Trump in Debt, Women Rule
Sunday, August 21, 2016
Vol. 5, No. 233
Yuuuge Debt: The NY Times reports that companies owned by Donald Trump are carrying $650 million in debt, roughly twice the amount revealed in public filings related to his run for president. Among the lenders are the Bank of China, one of the biggest banks in a country he describes as an economic enemy, and the US investment bank Goldman Sachs, which he has said controls Hillary Clinton.
The paper also says, “a substantial portion of his wealth is tied up in three passive partnerships that owe an additional $2 billion to a string of lenders.”
No one has put together a complete picture of Trump’s finances, in part because he refuses to reveal his tax returns. But if he were to be elected president he would have conflicts of economic interest. One of his limited liability companies has a 60-year lease for a hotel in the Old Post Office Building in Washington, paying the federal government $3 million a year.
Pay Attention: Neal Gabler writes in The NY Times that Donald Trump may be the first presidential candidate in history who ran just to draw attention to himself and milk the notoriety for personal profit. Gabler says, “If you think of his campaign as a real-estate negotiation, the man who coined the term ‘art of the deal’ has taken a huge edifice, plastered his name all over it without investing much in it, and is very likely to abandon it as a troubled asset once the election is over and its value is diminished, leaving others holding the bag, just as he reportedly did during his serial bankruptcies. Only, in this case, the edifice is the Republican Party. It is Mr. Trump’s biggest deal ever.

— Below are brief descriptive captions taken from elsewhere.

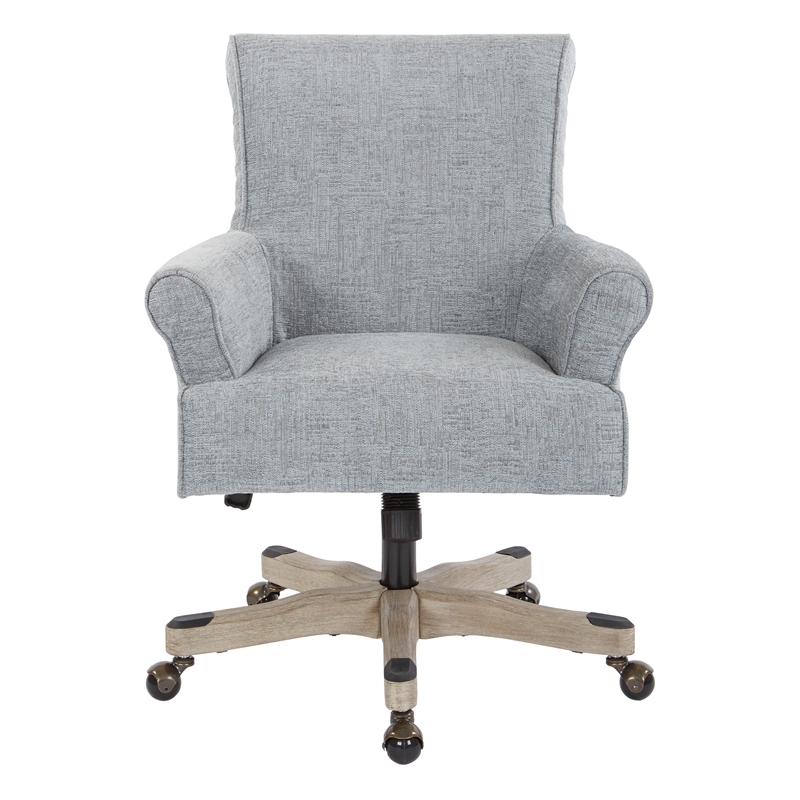 Pemberly Row Office Chair in Mist Fabric with Gray Wash Wood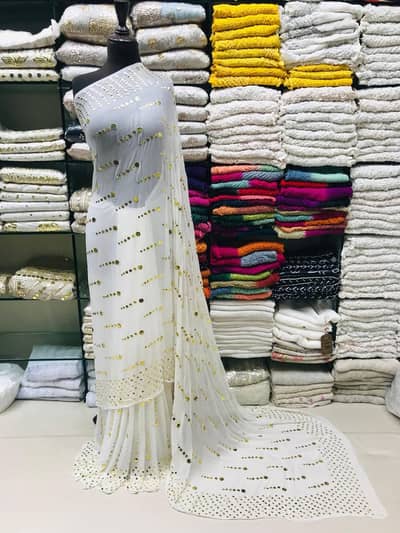 pure china crinkle saree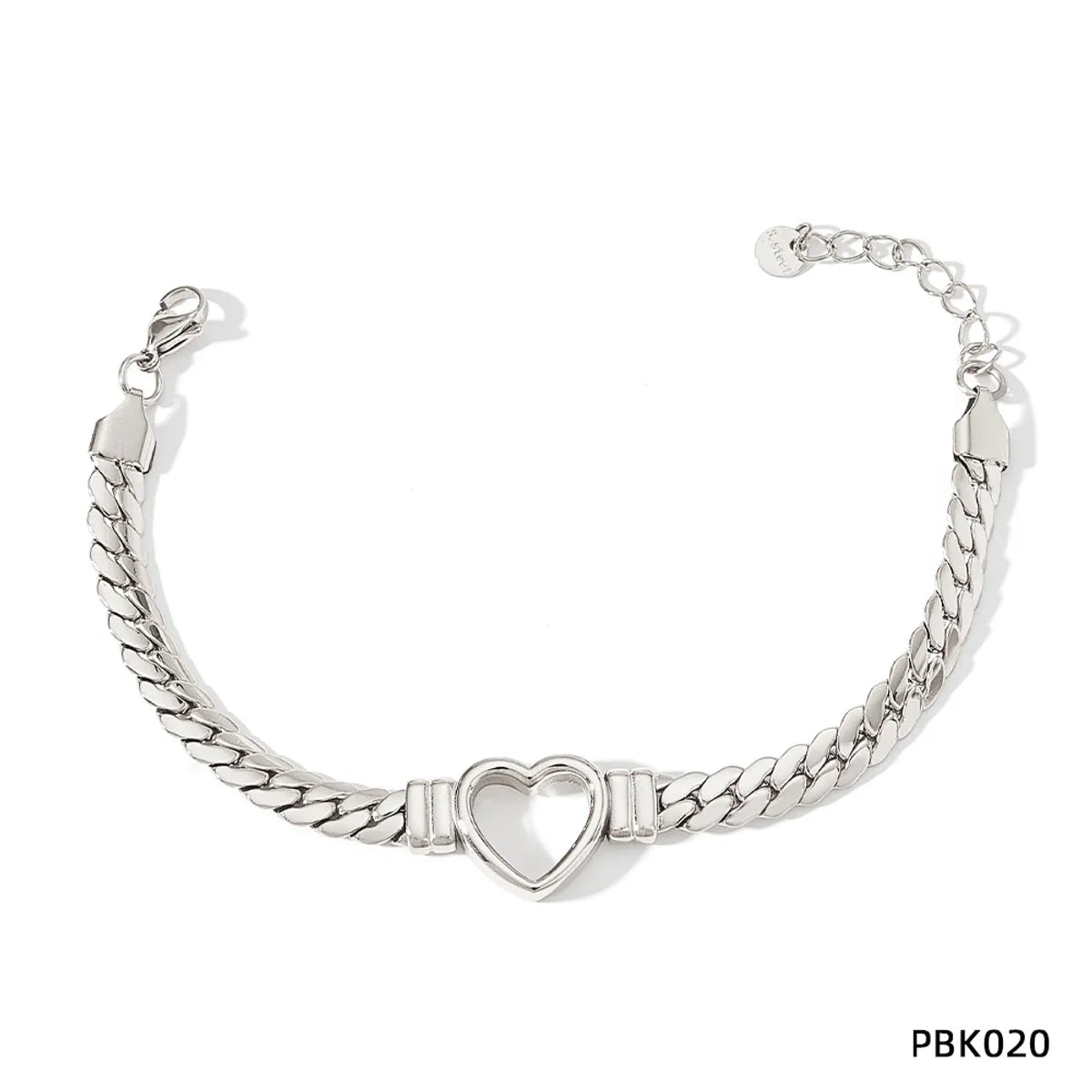 Fashion Heart Shape Stainless Steel Titanium Steel Plating Bracelets Necklace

Permawar: At least 50 people were killed and 90 wounded when a suicide bomber attacked a wedding in Turkey. The government blames the Islamic State.
The Games: American women ruled in the last day of track and other sports at the Rio Olympics. Allyson Felix anchored the 4×400 relay to win her sixth Olympic gold medal. Felix also won gold with the 4×100 relay. — Gwen Jorgensen, a 30-year-old former accountant, won the first gold medal for the US in the women’s triathlon. No one was close when she crossed the finish line. — The US women beat Spain 101-72 for the gold in basketball, their sixth straight. — OK, American men are in the games, too. They won the 4×400 relay. — Matthew Centrowitz became the first American to win the 1500 meter run since 1908. — Paul Chelimo finished second in the 5,000 meter run, was disqualified for bumping elbows even as he celebrated, and was later reinstated to the silver medal.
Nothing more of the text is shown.